Fez — Moroccan couscous has resurfaced in a striking historical context after an episode of “Meals of the Ancestors” highlighted a medieval Egyptian manuscript that appears to document the dish’s presence far from the Maghreb.

Kanz al-Fawa’id fi Tanwi’ al-Mawa’id” (Treasure Trove of Benefits and Variety at the Table)  is a 14th-century Egyptian cookbook and one of the richest surviving sources on medieval Egyptian food culture.

In the episode, Daniel Newman, a scholar of Arabic language and culture known for his work on Arab culinary heritage, draws attention to a specific passage in “Kanz al-Fawa’id, describing it as a rare written trace of culinary exchange between North Africa and the eastern Arab world.

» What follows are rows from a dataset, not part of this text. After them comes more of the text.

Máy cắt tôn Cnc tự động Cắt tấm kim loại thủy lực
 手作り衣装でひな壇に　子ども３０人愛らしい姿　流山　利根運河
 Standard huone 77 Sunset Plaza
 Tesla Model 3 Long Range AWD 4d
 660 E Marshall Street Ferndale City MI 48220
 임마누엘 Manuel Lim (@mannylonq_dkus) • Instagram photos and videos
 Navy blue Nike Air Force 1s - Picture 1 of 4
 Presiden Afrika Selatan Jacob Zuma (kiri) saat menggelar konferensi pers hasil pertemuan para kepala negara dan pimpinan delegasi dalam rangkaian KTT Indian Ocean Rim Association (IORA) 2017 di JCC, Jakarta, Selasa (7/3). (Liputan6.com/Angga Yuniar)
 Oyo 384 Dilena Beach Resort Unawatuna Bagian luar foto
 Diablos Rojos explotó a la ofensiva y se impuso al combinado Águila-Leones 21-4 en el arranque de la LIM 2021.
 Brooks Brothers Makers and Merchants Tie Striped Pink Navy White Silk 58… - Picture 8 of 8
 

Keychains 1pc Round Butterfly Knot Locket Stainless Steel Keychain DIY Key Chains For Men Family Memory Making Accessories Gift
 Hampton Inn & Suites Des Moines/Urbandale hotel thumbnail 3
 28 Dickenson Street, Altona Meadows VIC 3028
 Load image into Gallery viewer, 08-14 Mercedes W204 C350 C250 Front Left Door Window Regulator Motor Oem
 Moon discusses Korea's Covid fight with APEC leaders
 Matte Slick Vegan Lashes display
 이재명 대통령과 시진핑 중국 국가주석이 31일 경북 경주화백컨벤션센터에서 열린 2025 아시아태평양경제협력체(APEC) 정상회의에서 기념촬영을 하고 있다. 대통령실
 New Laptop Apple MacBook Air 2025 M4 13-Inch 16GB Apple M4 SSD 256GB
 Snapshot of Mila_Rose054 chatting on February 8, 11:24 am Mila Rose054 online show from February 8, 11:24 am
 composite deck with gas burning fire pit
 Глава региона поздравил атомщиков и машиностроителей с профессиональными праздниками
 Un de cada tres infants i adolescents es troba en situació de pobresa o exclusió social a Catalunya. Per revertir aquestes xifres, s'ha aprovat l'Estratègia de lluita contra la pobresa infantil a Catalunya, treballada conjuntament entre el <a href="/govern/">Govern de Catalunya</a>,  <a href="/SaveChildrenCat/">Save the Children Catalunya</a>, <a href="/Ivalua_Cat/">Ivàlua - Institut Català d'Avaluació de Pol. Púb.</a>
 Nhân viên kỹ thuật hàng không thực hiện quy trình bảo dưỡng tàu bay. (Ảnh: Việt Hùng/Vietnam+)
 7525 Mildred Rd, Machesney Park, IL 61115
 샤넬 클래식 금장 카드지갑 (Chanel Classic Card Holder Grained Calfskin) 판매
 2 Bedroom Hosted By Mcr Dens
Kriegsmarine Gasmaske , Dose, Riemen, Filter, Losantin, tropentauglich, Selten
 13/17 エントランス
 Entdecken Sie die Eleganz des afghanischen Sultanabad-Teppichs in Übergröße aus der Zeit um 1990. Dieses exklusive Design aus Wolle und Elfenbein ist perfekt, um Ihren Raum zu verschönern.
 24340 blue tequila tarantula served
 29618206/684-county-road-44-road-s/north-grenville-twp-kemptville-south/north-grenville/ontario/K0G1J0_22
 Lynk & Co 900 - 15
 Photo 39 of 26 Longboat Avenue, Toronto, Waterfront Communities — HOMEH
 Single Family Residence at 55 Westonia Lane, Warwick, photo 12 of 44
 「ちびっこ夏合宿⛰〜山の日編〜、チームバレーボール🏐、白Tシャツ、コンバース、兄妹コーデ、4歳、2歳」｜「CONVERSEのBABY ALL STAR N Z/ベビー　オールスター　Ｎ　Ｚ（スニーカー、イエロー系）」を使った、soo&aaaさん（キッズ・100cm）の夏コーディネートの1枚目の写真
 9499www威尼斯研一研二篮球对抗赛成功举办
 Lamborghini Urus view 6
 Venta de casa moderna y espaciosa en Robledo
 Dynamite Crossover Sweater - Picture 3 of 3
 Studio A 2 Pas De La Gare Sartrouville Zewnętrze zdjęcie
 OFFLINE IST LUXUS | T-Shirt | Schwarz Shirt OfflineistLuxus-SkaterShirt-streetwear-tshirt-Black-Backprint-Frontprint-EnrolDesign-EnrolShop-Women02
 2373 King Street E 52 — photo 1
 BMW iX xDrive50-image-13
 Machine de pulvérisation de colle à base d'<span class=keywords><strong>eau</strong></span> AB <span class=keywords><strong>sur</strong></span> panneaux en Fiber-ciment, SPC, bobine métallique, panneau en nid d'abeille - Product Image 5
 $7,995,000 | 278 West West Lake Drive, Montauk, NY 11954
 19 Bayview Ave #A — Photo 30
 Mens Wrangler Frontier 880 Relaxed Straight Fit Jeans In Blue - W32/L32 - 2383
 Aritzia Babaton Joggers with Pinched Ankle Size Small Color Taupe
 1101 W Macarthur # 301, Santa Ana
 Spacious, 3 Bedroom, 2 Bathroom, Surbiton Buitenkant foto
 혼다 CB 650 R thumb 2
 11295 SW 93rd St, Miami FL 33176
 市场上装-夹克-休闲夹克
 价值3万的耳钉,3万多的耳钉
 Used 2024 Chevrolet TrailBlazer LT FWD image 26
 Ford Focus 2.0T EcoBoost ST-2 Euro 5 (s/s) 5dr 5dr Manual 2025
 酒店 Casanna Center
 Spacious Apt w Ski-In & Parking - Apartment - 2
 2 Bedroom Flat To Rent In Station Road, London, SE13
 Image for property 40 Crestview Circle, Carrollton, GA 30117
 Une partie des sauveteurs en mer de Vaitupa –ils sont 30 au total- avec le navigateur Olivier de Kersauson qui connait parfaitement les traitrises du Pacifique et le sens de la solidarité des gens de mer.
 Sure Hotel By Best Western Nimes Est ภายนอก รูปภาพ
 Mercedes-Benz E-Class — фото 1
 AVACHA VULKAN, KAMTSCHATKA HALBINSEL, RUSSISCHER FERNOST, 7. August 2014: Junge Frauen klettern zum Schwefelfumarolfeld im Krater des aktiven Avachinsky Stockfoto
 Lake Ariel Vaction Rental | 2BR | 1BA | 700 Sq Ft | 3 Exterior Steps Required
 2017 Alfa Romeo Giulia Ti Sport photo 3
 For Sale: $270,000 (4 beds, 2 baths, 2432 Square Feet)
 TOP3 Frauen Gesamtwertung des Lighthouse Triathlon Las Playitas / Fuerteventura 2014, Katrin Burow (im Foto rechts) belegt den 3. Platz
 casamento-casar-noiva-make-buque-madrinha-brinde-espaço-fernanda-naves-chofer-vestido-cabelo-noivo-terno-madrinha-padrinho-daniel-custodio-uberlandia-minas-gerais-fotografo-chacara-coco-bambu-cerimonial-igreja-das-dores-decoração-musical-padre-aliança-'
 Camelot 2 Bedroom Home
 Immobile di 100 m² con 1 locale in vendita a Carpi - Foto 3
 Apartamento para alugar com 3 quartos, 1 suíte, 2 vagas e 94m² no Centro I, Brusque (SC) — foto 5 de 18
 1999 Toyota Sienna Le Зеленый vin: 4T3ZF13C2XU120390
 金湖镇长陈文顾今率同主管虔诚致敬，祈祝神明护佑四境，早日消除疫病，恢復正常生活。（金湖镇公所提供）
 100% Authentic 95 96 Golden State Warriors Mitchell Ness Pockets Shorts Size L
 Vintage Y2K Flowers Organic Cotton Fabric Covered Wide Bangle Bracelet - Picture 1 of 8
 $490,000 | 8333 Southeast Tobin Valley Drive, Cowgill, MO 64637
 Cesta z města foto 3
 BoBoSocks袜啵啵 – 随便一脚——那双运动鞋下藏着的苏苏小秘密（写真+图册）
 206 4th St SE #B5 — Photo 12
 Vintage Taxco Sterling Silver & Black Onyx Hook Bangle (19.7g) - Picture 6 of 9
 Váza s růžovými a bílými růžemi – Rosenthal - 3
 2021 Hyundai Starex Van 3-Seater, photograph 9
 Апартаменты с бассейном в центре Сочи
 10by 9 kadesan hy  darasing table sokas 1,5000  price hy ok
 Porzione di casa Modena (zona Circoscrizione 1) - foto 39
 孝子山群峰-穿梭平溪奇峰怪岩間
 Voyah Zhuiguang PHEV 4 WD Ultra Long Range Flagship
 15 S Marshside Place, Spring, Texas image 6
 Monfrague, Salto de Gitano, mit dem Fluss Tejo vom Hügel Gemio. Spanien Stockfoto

“Here we have an interesting recipe, it’s folio 42 recto: couscous, couscous in Egypt,” Newman says in the episode while pointing to the pages of the book. He then frames the finding in broader terms: “Here we have the thing that we’re always talking about, dishes traveling.”

That is the line that matters most. The reference does not present couscous as a static regional staple confined to one geography. Instead, it places the dish inside a wider medieval network of movement, adaptation, and exchange.

Newman goes further by challenging the usual one-way reading of culinary influence across the Arab world. “We’re used to thinking about the Mashreq (east) going to the Maghreb (west),” he says, before adding, “but the Maghreb also provided very wonderful things to the Mashreq.”

In that context, the couscous reference becomes more than an archival curiosity. It reads as evidence that Moroccan and wider Maghrebi food traditions also traveled east and entered Egyptian culinary writing.

A manuscript with regional significance

The passage appears in Newman’s discussion of “Kanz al-Fawa’id,” which he describes as part of the Egyptian cookery tradition.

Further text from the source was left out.